Ok, in truth, there is nothing sad about today. It’s a bright, blue crisp morning out there. The rain and wind of the past couple days washed at least some of the pollen away. There’s a lot to enjoy out there today. So not a sad post. It’s actually a post about a bird I’ve neglected a bit- the Mourning Dove. I see them every day- perched on telephone wires, in trees, flying around campus. They really are quite common. On the flip side, though, there’s not a lot that they do to draw attention to themselves. Well, there was one time when one sat on top of the chimney and its flutey call echoed through my fireplace. Other than that, though, they’re pretty discreet.
Now, as you may have noticed, I spend quite a bit of my time thinking about sounds. I’m not sure what put this particular thought in my mind this morning- I must have heard a couple doves on my run. Doves make sounds other than their call. One of their most recognizable sounds is also not a vocal sound, it’s a mechanical one. Anytime you see a Mourning Dove (or even a pigeon) take flight, you can hear a pulsing sort of whistle sound. In Mourning Doves, this sound is called a wing whistle and it is produced by the movement of air over the feathers of the wing. From my perspective that sound is useful. When I hear it, I know there’s a dove nearby without having to see it. It is immediately recognizable to me. Of course, if I can pick up on it, so can others! So I started wondering if anyone had looked to see whether or not the wing whistles of doves were actually used as a source of information by other birds. What I found was actually quite cool!
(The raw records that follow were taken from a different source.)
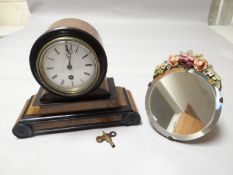 A walnut and ebony drum mantle clock together with a small floral barbola easel mirror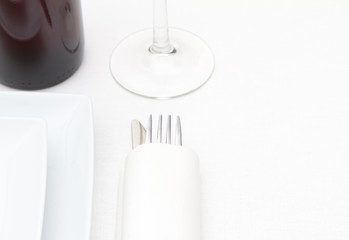 Place setting with white plates, cutlery and wine on white cloth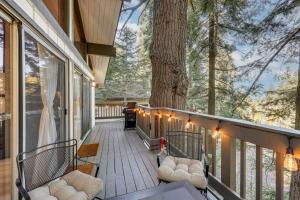 a porch with chairs and a tree with lights at 3 Mi to Lake Arrowhead Village Pine-View Home! in Lake Arrowhead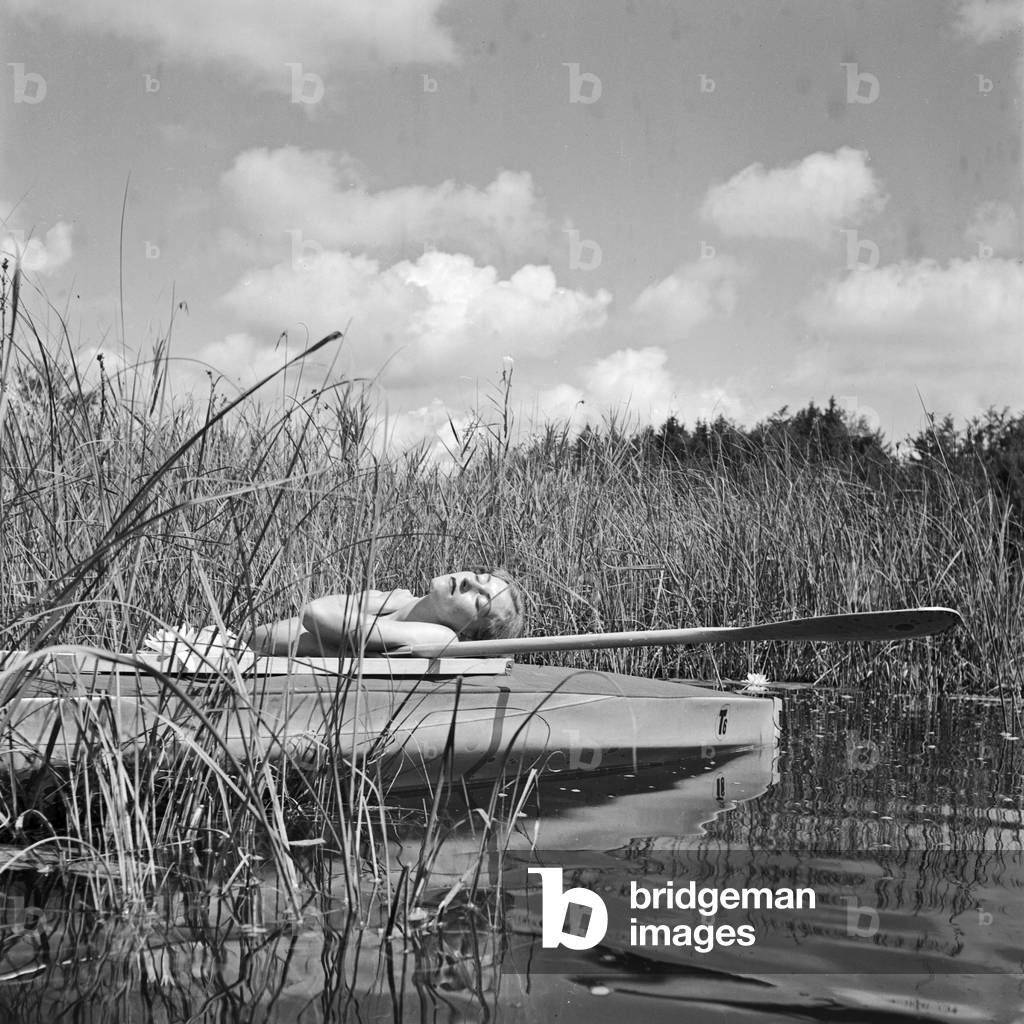 A young woman with her folding boat in the reed of a lake in the Wachau area, Germany 1930s (b/w photo)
Two different studies show that wing whistles in different kinds of birds (one in the Mourning Dove and one in the Crested Pigeon, a species in the same order) are used by other individuals as a way to respond to potential threats. In fact, in both cases, other birds were able to differentiate between the wing whistle produced in response to a threat versus one produced in normal take-off. The angle of ascent during take-off in response to a threat changes aspects of the whistle and birds can pick up on that. In the Crested Pigeon, the researchers found that it was aspects of the whistle itself, not just volume that triggered the response in other birds.
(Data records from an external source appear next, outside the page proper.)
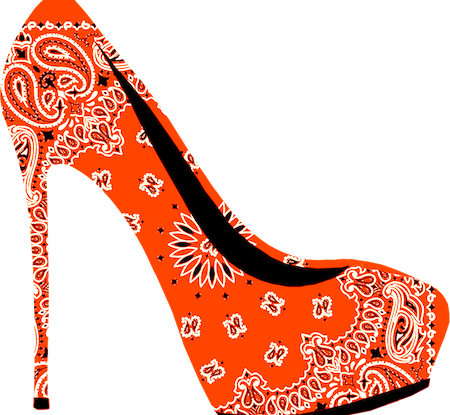 picture of a high-heel shoe, it is orange in colour with patterns on it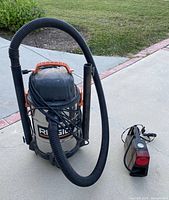 Ridgid shop vacuum with hose and wands beside compact air compressor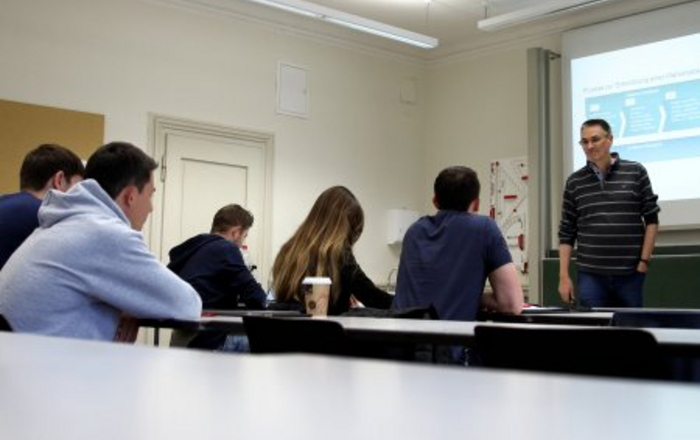 Eine Referent steht vor einer Gurppe Studierenden im Hintergrund ein eingeschaltetet Bildschirm.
In Mourning Doves, things get even cooler. Not only do other doves make the same differentiation between a startle whistle and a regular whistle, but so do other birds. The researchers used playbacks of recorded whistles and found that Northern Cardinals and House Sparrows both increased their own vigilance after the playback of startle whistles, but not after the playback of other sounds. What a handy warning system to have!
So, other birds have learned to cue into the mechanical process of flight in the Mourning Dove to get information about what’s going on around them. I may have neglected these poor doves, but everyone else was apparently paying close attention.